In terms of electoral geography by party, both the NRK and TV2 have great interactive maps showing the strength of the various parties by county and municipality. On a quick analysis, the right is strong in two general areas: the Nynorsk-speaking, rural, conservative southern coast and in Oslo and its suburbia. Oslo is more of a yuppie city, making it a top city for various movements: Red, SV, Liberals, but also the Conservatives, who in Norway have a much more urban profile than North American conservatives. The wealthier suburbs of Oslo are also strongly right-leaning.
For fun, a look at each party’s best municipality, courtesy of the great NRK:
Labour: Årdal (70.2%) – industrial city dominated by the aluminum industry.
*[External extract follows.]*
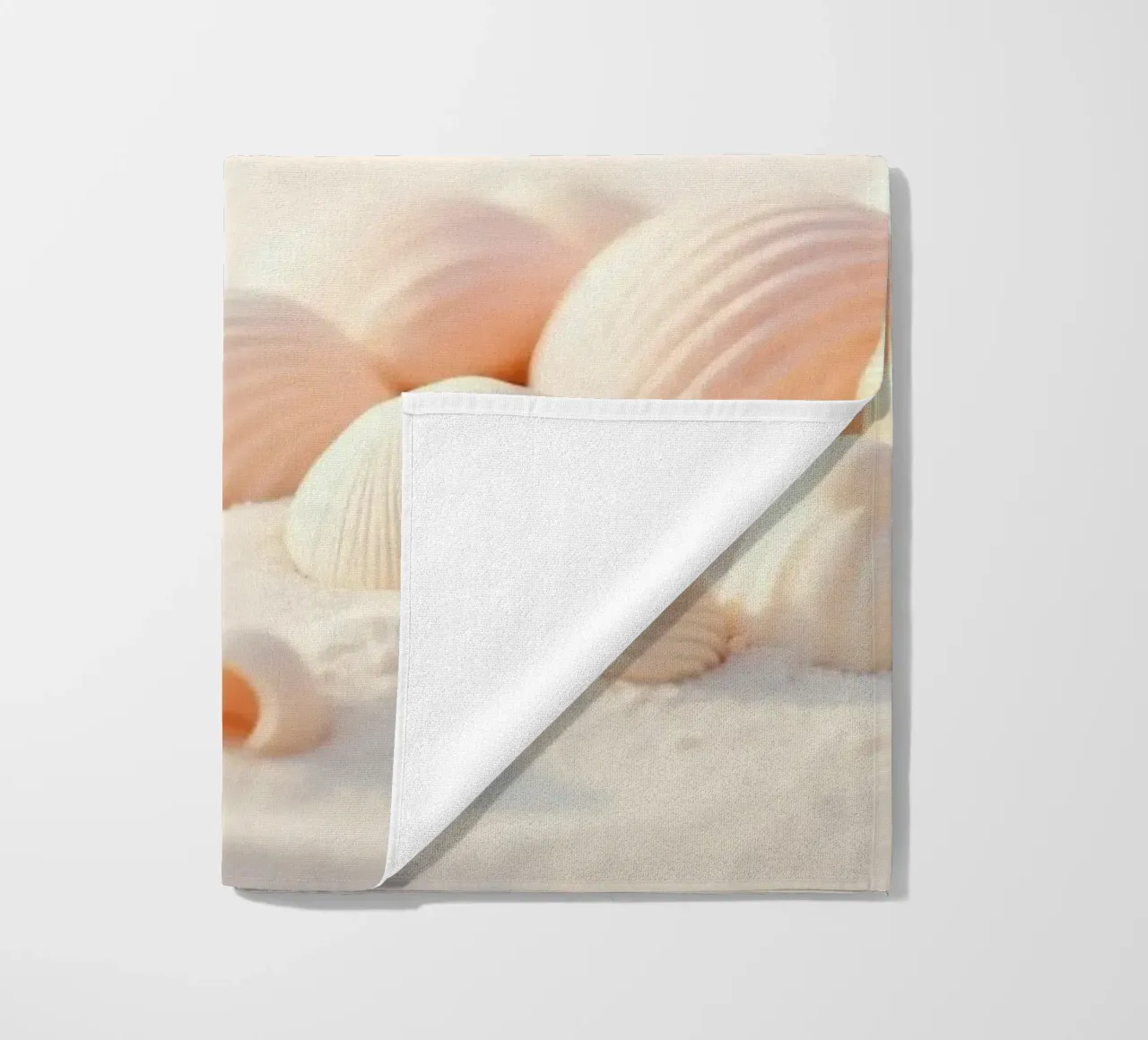 Conchiglie sparse su una spiaggia sabbiosa durante la mattina presto telo mare da DesignDoodle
Hasvik, a isolated fishing island in the far north was Labour’s second best, with a distant 57.3% of the vote for the party there.
Progress: Farsund (39.8%) – a coastal municipality in very conservative Vest-Agder, with, it seems, a growing tourist industry. Not extremely affluent, though. Karmøy, a rural coastal village in the Rogaland, part of the Bible Belt, is a close second at 36.7%.
Conservative: Bærum (35.4%) – very affluent (if not the most affluent in Norway) and posh suburb of Oslo.
Socialist Left: Nesseby (16.9%) – Sami town in Finnmark, Norway’s northernmost county. It’s also close to a now-closed iron ore mine.
Centre: Gloppen (46.8%) – rural municipality in the Fjords.
Christian Democrats: Audnedal (31.7%) – rural municipality in conservative Vest-Agder, Norway’s Bible Belt.
Liberal: Ulvik (15%) – tourist town deep in the Fjords.
Red: Vågsøy (4.7%) – tourist and also major fishing town in the Fjords, town won by Progress. Oslo itself, at 4%, is a close second.